Data items
>>

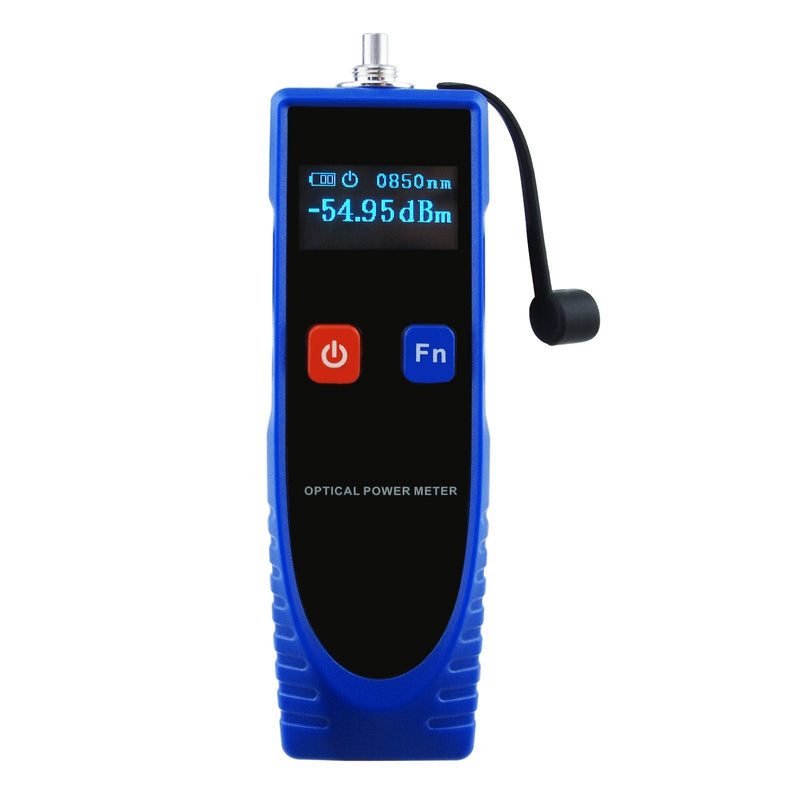 [Australia - AusPower] - OPM Optical Power Meter Digital Power Factor Meter, -70 ~ 6dBm with 6 Optic Wave Length, Portable Fiber Optic Cable Tester with FC converter for FC/SC/ST blue 
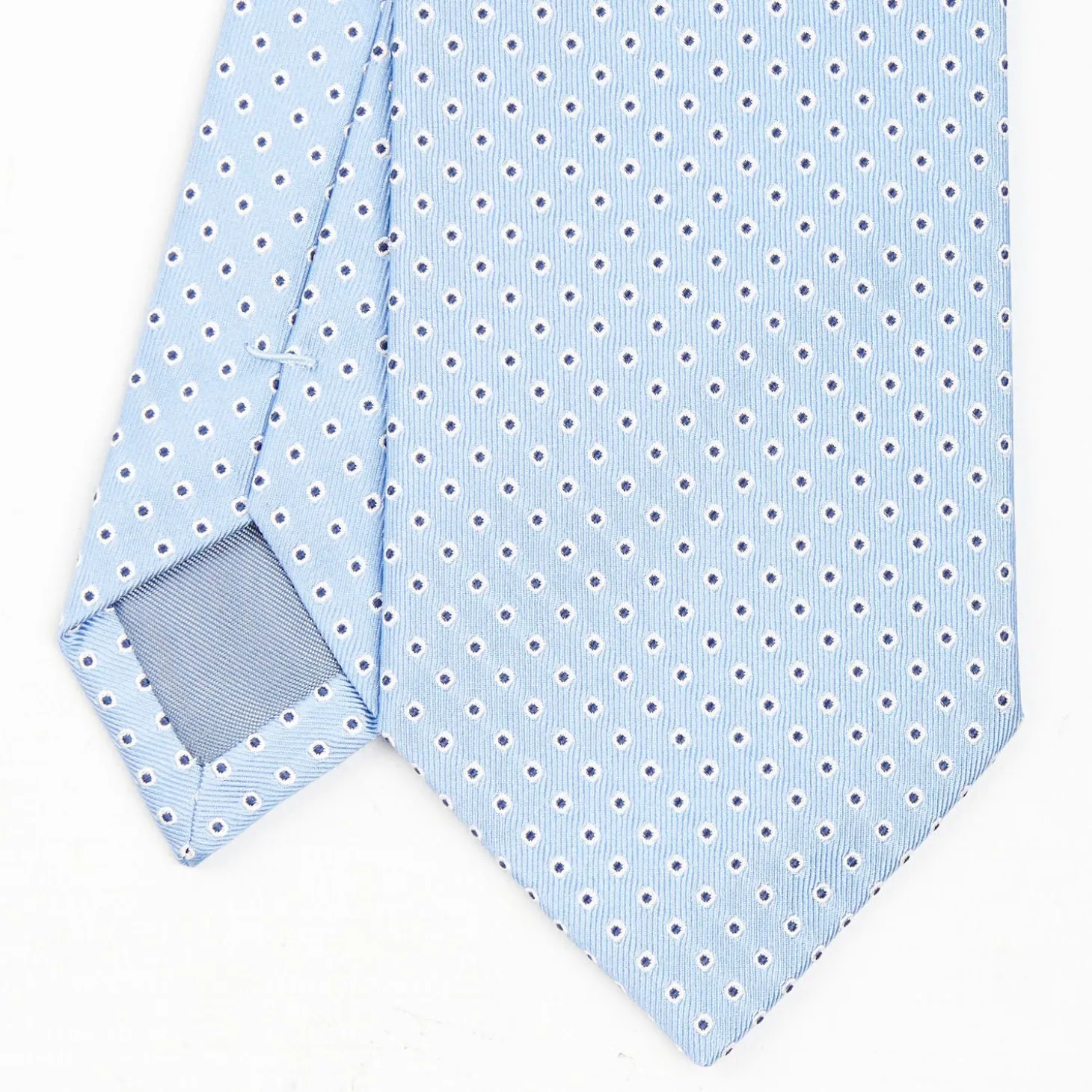 Light Blue Sartorial Jacquard Silk Tie - Small Geometric Designs
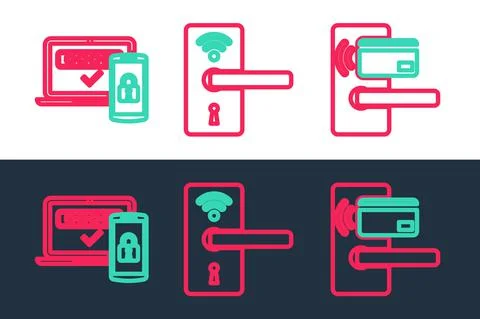 Set line Digital door lock with wireless, Two steps authentication and icon Stockillustratie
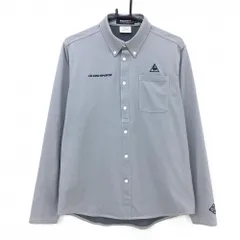 【超美品】ルコックゴルフ 長袖ポロシャツ グレー系 地模様 ロゴネイビー メンズ L ゴルフウェア le coq sportif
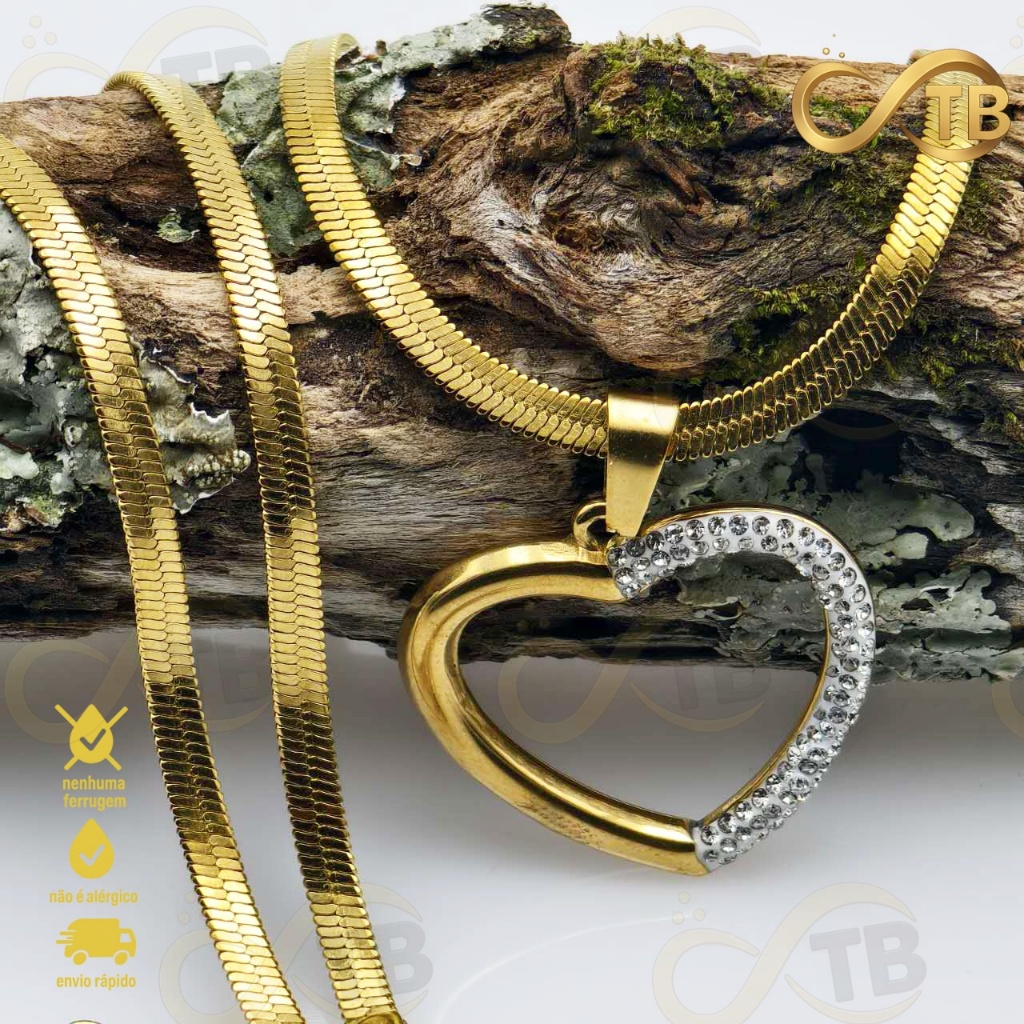 TB Shop Moda Feminino Colar de Elo Coração Banhado Ouro Strass Reluzente em Aço Inox para Namorada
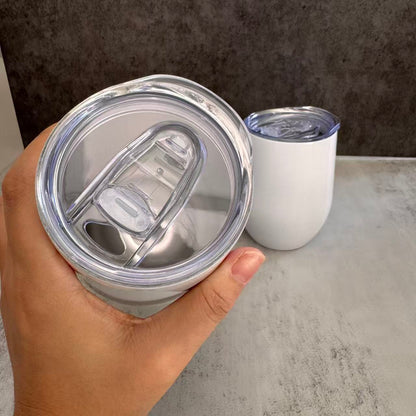 12oz White BLank Subliamtion Wine Tumblers with Sliding Lids 50 Pack China Warehouse
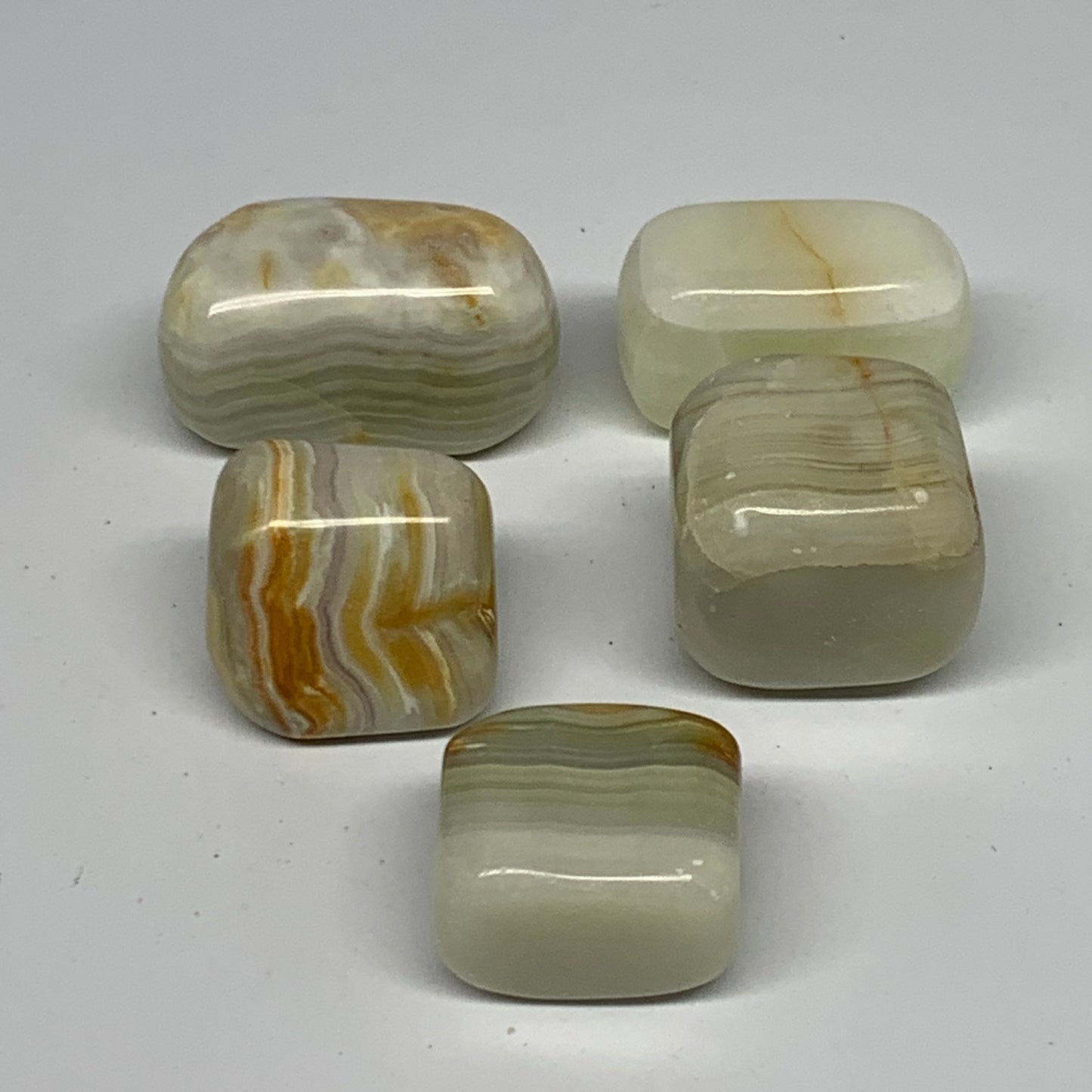 162.1g, 0.9"-1.6", 5pcs, Onyx/Banded Tumbled Stones @Afghanistan, B26714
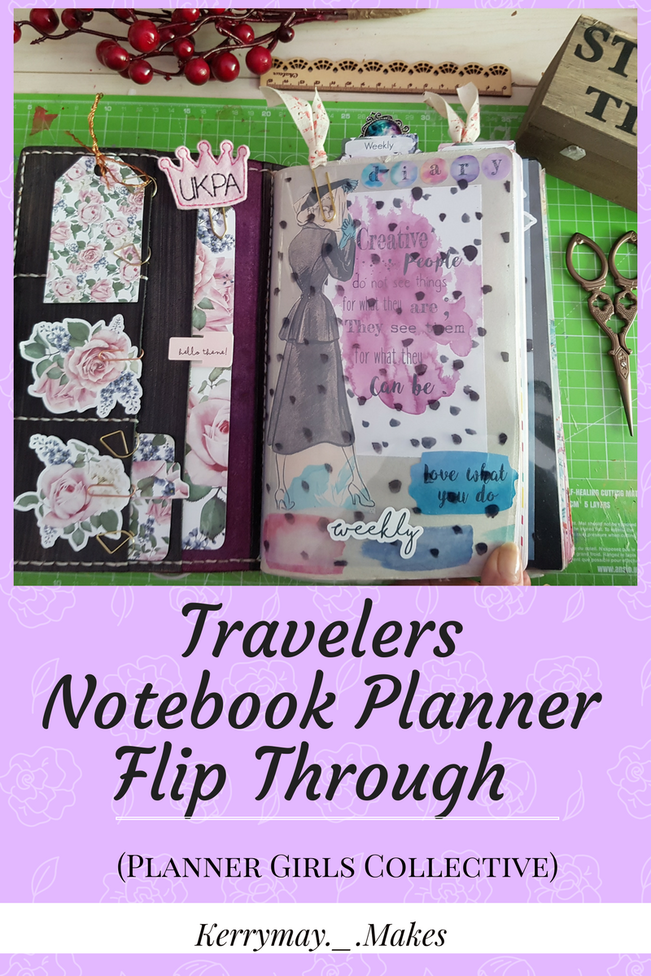 Travelers Notebook Planner Flip Through - 6 monthly review post of my planner set up in my travelers notebook (Uglydori) for the Planner Girls Collective. - Kerrymay._.Makes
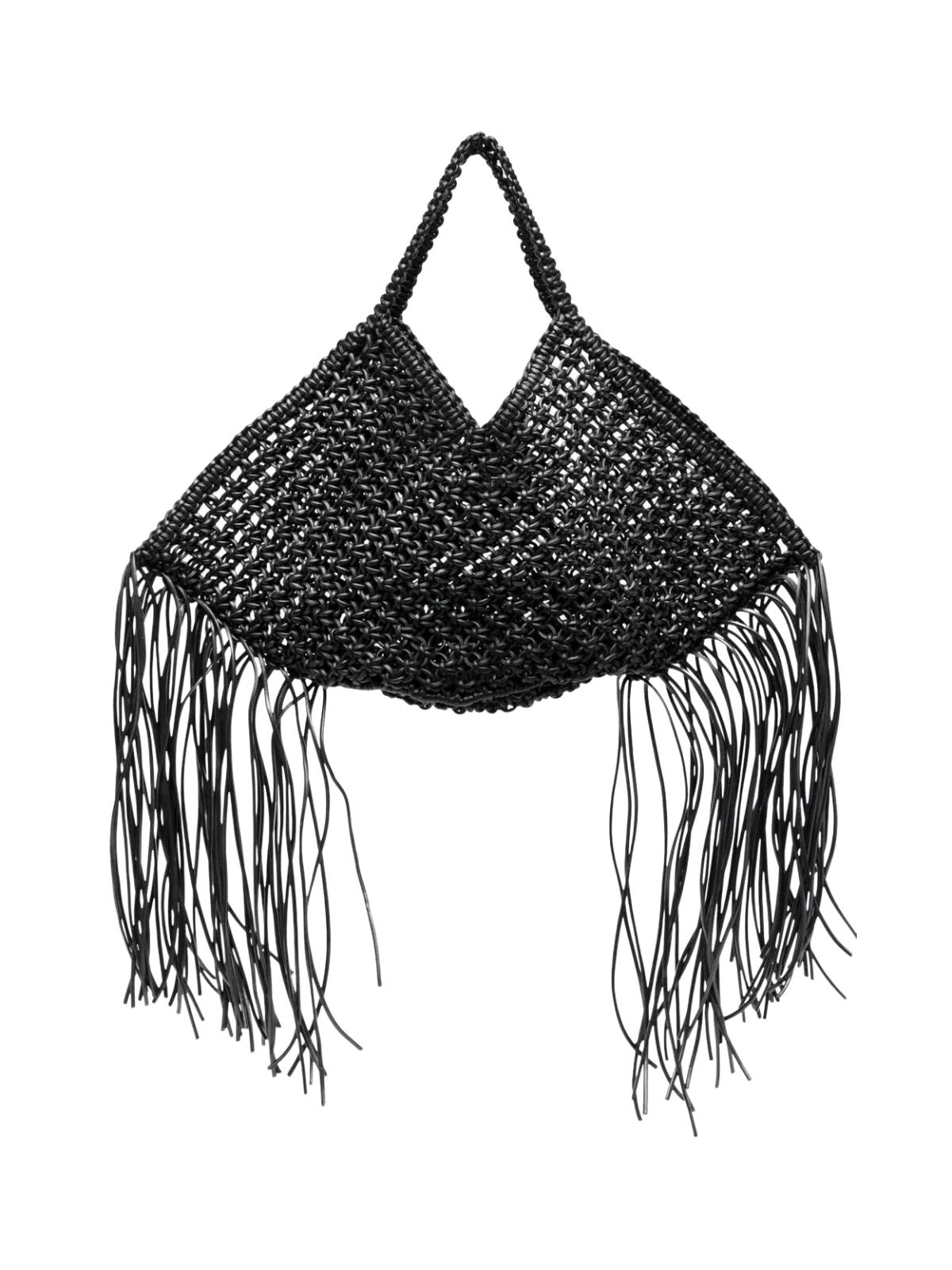 YUZEFI VEGAN LEATHER LARGE WOVEN BASKET BAG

<<

• What you should do:
Pictures stay out; copy every entry above exactly.

• Task answer:
 [Australia - AusPower] - OPM Optical Power Meter Digital Power Factor Meter, -70 ~ 6dBm with 6 Optic Wave Length, Portable Fiber Optic Cable Tester with FC converter for FC/SC/ST blue 
 Light Blue Sartorial Jacquard Silk Tie - Small Geometric Designs
 Set line Digital door lock with wireless, Two steps authentication and icon Stockillustratie
 【超美品】ルコックゴルフ 長袖ポロシャツ グレー系 地模様 ロゴネイビー メンズ L ゴルフウェア le coq sportif
 TB Shop Moda Feminino Colar de Elo Coração Banhado Ouro Strass Reluzente em Aço Inox para Namorada
 12oz White BLank Subliamtion Wine Tumblers with Sliding Lids 50 Pack China Warehouse
 162.1g, 0.9"-1.6", 5pcs, Onyx/Banded Tumbled Stones @Afghanistan, B26714
 Travelers Notebook Planner Flip Through - 6 monthly review post of my planner set up in my travelers notebook (Uglydori) for the Planner Girls Collective. - Kerrymay._.Makes
 YUZEFI VEGAN LEATHER LARGE WOVEN BASKET BAG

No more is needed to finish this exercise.